Salud: You’d be surprised. It really helps to have a historian along. Our historian, Marty Morgan, wasn’t just a guy who does this as his job, taking down data. He felt like it was his personal mission to preserve this. He went to different families to take down their stories. He has a grasp on it from an emotional level, all the nuances. When I asked him what a Resistance fighter would look like, he came back with, “Oh, I know this family whose grandmother fought. Here’s all these photos.” He was like the internet, but just for WWII.
At the same time, we were very mindful of history. We didn’t break historical accuracy. Everything we wanted to do had to have our historian’s blessing. He had to find a living example, which he did. You’d be surprised by all the different things that really happened.
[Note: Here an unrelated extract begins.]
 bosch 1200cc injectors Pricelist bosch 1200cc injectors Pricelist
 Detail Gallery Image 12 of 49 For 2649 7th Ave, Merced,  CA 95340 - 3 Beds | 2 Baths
GamesBeat: Was there a lot of WWII that you didn’t know about, then?
Salud: Oh, yeah, all kinds of stuff. The detail of the storytelling he could give us—I don’t think any movie or documentary that I’ve seen can top what he had to tell us. It’s his whole life, basically.

Above: Call of Duty: WWII has stark imagery.
GamesBeat: For this, did you have to staff up considerably?
Salud: We always have to hire, yeah. The project’s huge. We’re building all of France, it feels like. [laughs] But seriously, sometimes I have to remind people. “What’s taking so long?” “You know we’re building the whole French countryside, right? Just drive right through it.” It’s a world, a virtual world.
We’ve come a long way since Advanced Warfare. We have 4K and HDR now. I’m more interested in HDR than 4K, personally. The depth of the hues—we used to talk about characters and tech and skin and things like that. We’d show off Kevin Spacey and be like, “Look what we did!” We were really proud of it. And now that’s nothing. It looks like a doll compared to what we can do today.
4K, for me, is more about resolution, seeing more details. HDR is about seeing more light. The same amount of light that I see when I look at you, I’ll be able to see that once a TV projects that. HDR is a surprise, because the range of color isn’t something I personally placed in there. The renderer brings those physical properties to life.
GamesBeat: What do you see that obviously stands out?
Salud: What it is specifically—it’s not necessarily about matching colors. I can move colors from here over to there. It’s the response of the light. It’s nothing that I do as an art director. In the old days I’d go, “I want to put these specific green here,” and I’d do it. That’s not what happens anymore. Now it’s taking into account how the light hits the skin. Light goes into the skin, scatters. It takes into account that there’s blood in there. That’s where the red comes from. Nobody paints that in. It’s all a procedural approximation of physical skin.
You see these eyes here? It’s not necessarily just about color. I can communicate moisture in the eye, compared to this. That’s what creates the softness, the scatter. We had subsurface scattering before, but the way we know how to hone it now is much deeper. Here there’s only one kind of spec. Your skin has many layers with multiple specs underneath. Imagine light that hits. It’ll have spec, and then it penetrates, and it has a different spec, and on down. We have multiple layers of scattering in the face. That’s how you get this subtlety. It’s an intangible thing that we couldn’t do there. To me it’s like night and day.
GamesBeat: It seems like a good time to revisit this. It’s been long enough since people have seen WWII in games. We’ve never seen it in this way. It’s fresh again.
Salud: Internally we do these exercises where we pull up the old Call of Duty games and put them next to what we have now. When was World at War, 10 years ago? It’s incredible, the difference.